Since magnification cannot be changed if we want to continue to view small features, the aperture can be tweaked through the working distance, or WD. WD is the distance between the bottom pole piece of the objective lens and the specimen. Given the objective aperture radius $\displaystyle{ R }$, $\displaystyle{ \alpha }$ can be defined as:

$\displaystyle{ \alpha=\frac{R}{\textrm{WD}} }$

WD typically falls between 5-9 mm when using secondary electron detectors.

## Common SEM Issues

SEMs run into several unavoidable issues which requires users to prepare and analyze samples more carefully.

### Sample Charging

Since SEMs blast a sample with electrons, samples will always charge wil imaging. The polarity of charge depends on the sample, but typically the sample emits more electrons than the number of incident primary electrons due to a SE yield of over 100%. Therefore, the sample becomes slightly positively charged. A charged sample results in several complications for SEM, whether positively or negatively charged. Charged samples will deflect both the primary e-beam at the surface and the emitted electrons. This disturbs focus, depth of field, and contrast, distorts and drifts the image, creates random dark and bright spots/streaks on the image, and in extreme cases, charging can even break parts of the specimen and damage the detector and source.

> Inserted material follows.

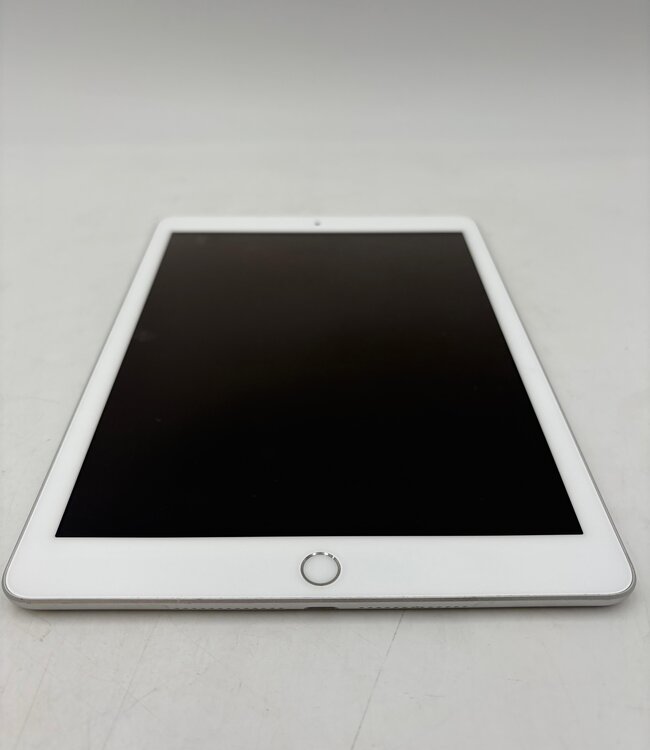 Apple iPad 5e Generatie (A1822) Wit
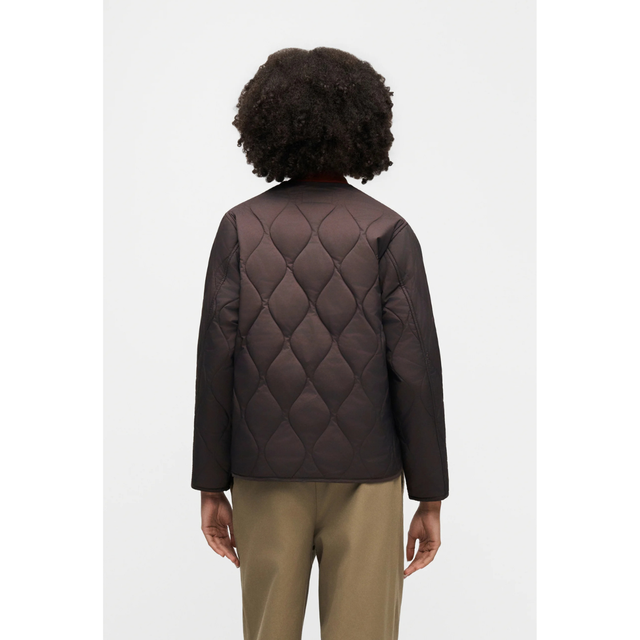 Carhartt WIP W' Sky Liner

To avoid this, several precautions can be taken during sample prep and during analysis. Firstly, either carbon or copper tape should be used to afix the sample to the sample stub or holder so that the sample is grounded. This allows electrons to freely travel to fill electron-holes in the sample to maintain a neutral charge. Non-conductive samples should be coated with gold nanoparticles (see Sputter Coater) to make the sample conductive—this allows topographical features to still be visible, although it will dampen contrast in BSD images and muddle EDS with gold peaks. If BSD or EDS are wanted, the sample should instead be imaged at a low accelerating voltage on the SEM (5kV) and rastering speed should be increased to avoid significant charging at any one spot. Conductive samples simply need to be grounded to the sample stub or holder. For samples mounted in a hot mounting press, use a conductive mounting compound (such as conductive phenolic powders) or afix carbon or copper tape directly onto the sample surface and ground point.

### Sample Etching

When a higher energy e-beam rasters across one region for a prolonged duration, it may "etch" the sample by depositing a thin layer of residue. This residue comes from gases which were not pumped out by the vacuum, namely, hydrocarbons and water. High energy electrons can help water and carbon "stick" ot the sample, and upon increasing your field of view in the imaging software, a darkened box may be visible on your sample—this is a sign of etching. This phenomena is especially prevalent at higher magnifications, where the beam continually rasters over an even smaller spot. This is unpreventable, but during analysis, it is recommended to not stay in one place for a long time and to keep moving around. When examining small features that require high magnification, focus on another small feature in the same plane as your feature, then move to your area of interest to avoid etching imporant areas.

### "Dangerous" Samples

Any sample with loose particles may break under an intense e-beam and damage the detector and source—samples must be firmly attached to the sample stub or holder. Because lenses in electron microscopes are controlled using precise electromagnetic fields, magnetic samples may permamently damage the objective lens and are therefore not allowed in many SEMs. Porous samples suck as rock and concrete may contain trapped gases which may degas if put under high vacuum in the SEM. These gases may damage the detector and source, so samples should be degassed (and dried) before analysis.